(JTA) — Occult practices and totems are a mainstay of Halloween season, and sage bundles, altars and crystals are an increasingly trendy way to dabble in divination and witchcraft. But the spooky supernatural world also has a long history in Judaism, and modern “Jewitches” are encouraging the connection — though their practices often slightly differ from their non-Jewish contemporaries.
“I do not burn sage,” said Zo Jacobi, who runs Jewitches, a popular blog and podcast that deep dives into ancient Jewish myths and folkloric practices.
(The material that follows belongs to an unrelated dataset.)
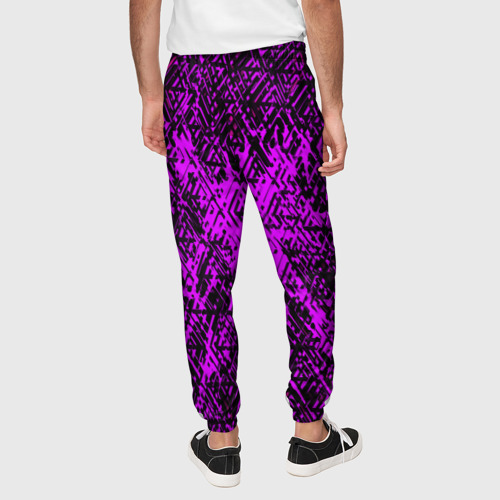 Мужские брюки 3D Фиолетовая глитч инфекция, цвет 3D печать - фото 5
The sage-related ritual of “smudging,” an Indigenous ceremony popular among modern witches for cleansing a person or place of negative energy, “is not a Jewish practice,” she said. “But Jews had crystals. Actually, they were called ‘gems.’”
Jacobi and her peers are revitalizing ancient Jewish practices of witchcraft, which have been seeing something of a revival as of late. Far from having an uneasy relationship with magic practitioners, Judaism — or at least Kabbalistic strands of it — has long embraced them.
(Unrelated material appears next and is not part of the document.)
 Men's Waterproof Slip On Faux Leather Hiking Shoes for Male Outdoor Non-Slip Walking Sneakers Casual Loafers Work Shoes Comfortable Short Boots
Jacobi, based in Los Angeles, studies those gems’ role in Jewish ritual, along with the connections between assorted other magical artifacts and Judaica. Eight shelves in her home are filled with books on Judaism as well as Jewish magic, witchcraft and folklore.
Her studies have revealed the historical ways that items like gems have been used in Jewish magical correspondences. Like healing crystals, gems are meant to protect and heal based on their properties, according to Midrash (Numbers Rabbah 2:7). For example, sapphire was thought to strengthen eyesight.
“It’s in a medieval text called the ‘Sefer Ha-Gematriaot,’” Jacobi said. “But even if we go to the Torah, we see crystals on the breastplates of the kohanim (high priests of Israel).”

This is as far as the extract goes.